→ **What the task requires**
Look through the listing below for the line with "Reinforced 24 Inch" and the line with "Detroit Red Wings". Copy both, along with every line between them, exactly and with no pictures.

→ **Information**
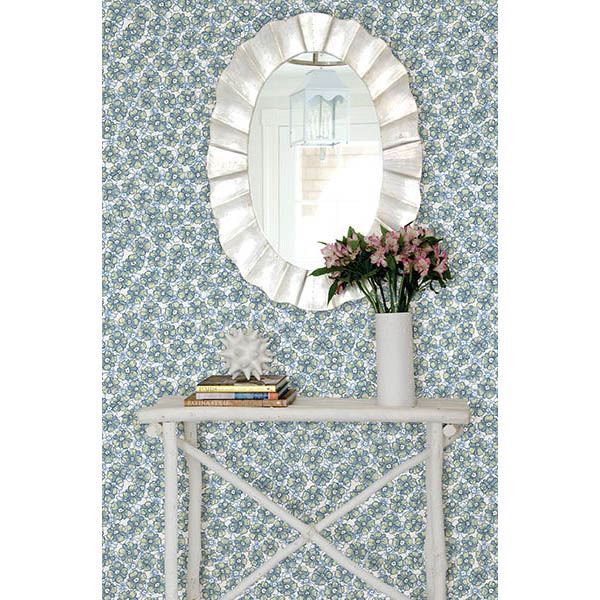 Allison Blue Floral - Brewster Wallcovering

---

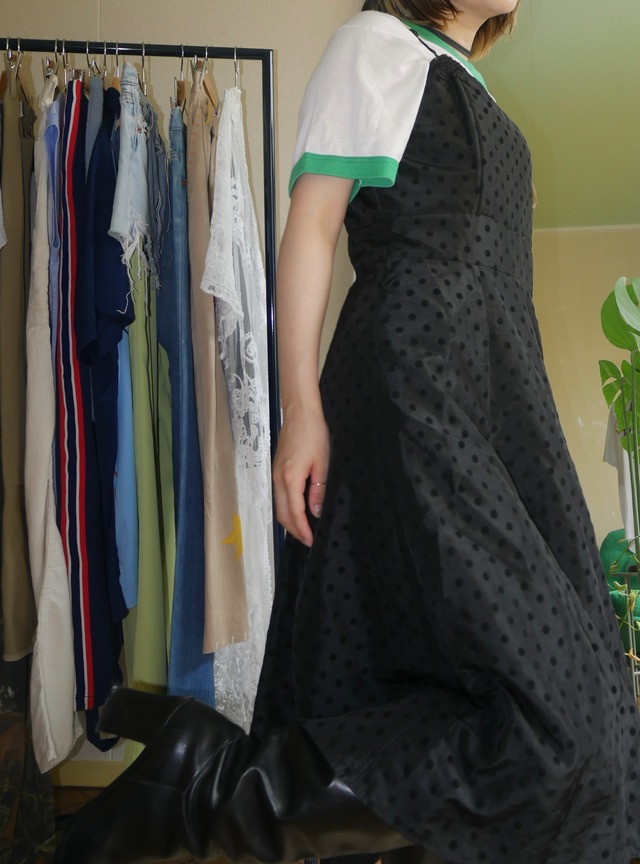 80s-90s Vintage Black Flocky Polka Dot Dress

* * *

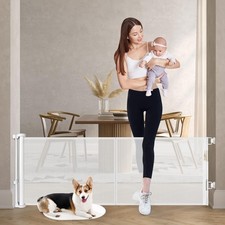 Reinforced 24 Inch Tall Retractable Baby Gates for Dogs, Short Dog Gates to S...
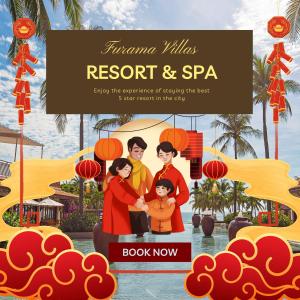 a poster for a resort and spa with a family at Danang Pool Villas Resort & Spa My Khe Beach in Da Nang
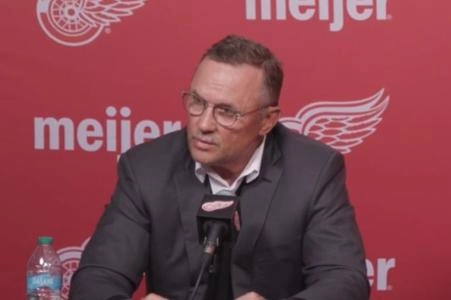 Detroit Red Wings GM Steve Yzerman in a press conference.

→ **Answer for the task**
 Reinforced 24 Inch Tall Retractable Baby Gates for Dogs, Short Dog Gates to S...
 a poster for a resort and spa with a family at Danang Pool Villas Resort & Spa My Khe Beach in Da Nang
 Detroit Red Wings GM Steve Yzerman in a press conference.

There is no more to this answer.